The program expansion, enacted last year by California lawmakers, covers five years and $1.65 million in tax credits. The credit is set at 20%, but producers are eligible for an additional 5% “uplift” if they shoot outside the Los Angeles zone, commit to music scoring or music track recording in state or to do visual effects in California.

California has already allocated about $90 million for returning TV programs along with $10 million for independent features in the fiscal year. The next application period for the new program is scheduled for July 13-25 and targets feature films, which will receive $48.3 million, and independent projects, which will receive $6.9 million.

Another $92 million will be allocated during the rest of fiscal 2015-16. The new program awards tax credits only after selected projects complete post-production, verify the creation of in-state jobs and provide all required documentation, including audited cost reports.

The legislation established the allocation to each category: 40% will go to new TV dramas, movies of the week, miniseries, and recurring TV series; 35% will got to features; 20% will go to relocating TV series; and 5% will go to independent features. The credit is set at 20% of production costs with an additional 5% “uplift” if producers shoot outside the Los Angeles zone, commit to music scoring or music track recording in state or to do visual effects in California.

The 2014 legislation capped years of campaigning by unions and producers, dubbed the California Film and Television Production Alliance.

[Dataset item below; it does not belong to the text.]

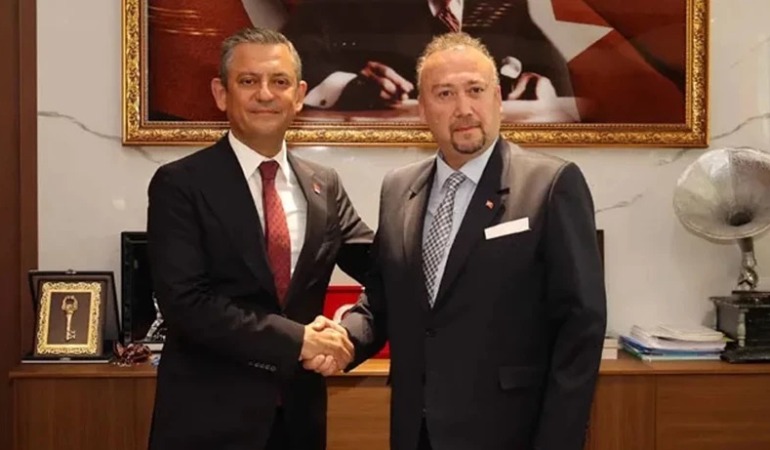 Özkan Yalım’ın yolsuzluk çarkını makam şoförü patlattı! Özgür Özel’in VİP aracı belediye kasasından dizayn edilmiş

The group issued a statement Tuesday, asserting that the 11 new TV projects demonstrate that the bill will have the impact sought.

“The thousands of jobs that will be created, the $216 million in wages that will be paid, and the $544 million that will be spent in California and poured into small businesses and vendors that support TV production will make a difference in the economy of this state and the lives of the people our organizations represent,” it said.

“In addition, the four veteran TV series that wanted—and are now able—to relocate to California are further proof that this legislation will have its intended result: creating jobs for Californians who want to live and work in their state.”

Los Angeles Mayor Eric Garcetti, who campaigned actively for the bill, also issued a statement Tuesday:

“Today, we learned that eleven television projects will receive tax incentives–proof that our hard work created thousands of jobs and hundreds of millions of dollars in new wages, much of which will be spent back into the Los Angeles economy.

These new jobs offer electricians, caterers, actors, and truck drivers alike, new opportunities in television production and the entertainment industry. Four existing veteran TV series can now afford to relocate to California, which means that more Angelenos in the entertainment industry will return to their home state.”

Under the previous program, the lion’s share of funds went to continuing TV series. More than $77 million of the $100 million available for 2014-15 was allocated to a dozen series, led by $11.5 million for “Teen Wolf,” “Rizzoli & Isles” with $8.9 million, “Pretty Little Liars” with $8.4 million and “Major Crimes” with $7.9 million.

The commission also announced Tuesday the list of 27 projects approved conditionally for the final round of state’s first-generation tax credit program, which held its final abbreviated lottery on April 1. The dollar figures add up to $100 million.

“Teen Wolf” led the new list with $10.3 million, followed by “Agent X” with $9.3 million, “American Crime Story” and “Major Crimes” both at $7.9 million, “Switched at Birth” at $7.4 million and both “Stitchers” and “Rizzoli & Isles” at $7.1 million.

Other TV series included “Hit the Floor” and “Recovery Road” while movies of the week included “Before You Say I Do,” “The Big Grab,” “Once Upon a Date” and “Sisters of the Groom.”

The 11 independent features on the list are splitting up a total of $10 million — “Between the Rain,” “Case Tape,” “Climate of Fear,” “Codename Antlers,” “Limbs,” “Minors in Possession,” “Nevermore,” “Ostrich Two,” “The Portland Condition,” “Rebirth” and “The Sentence.”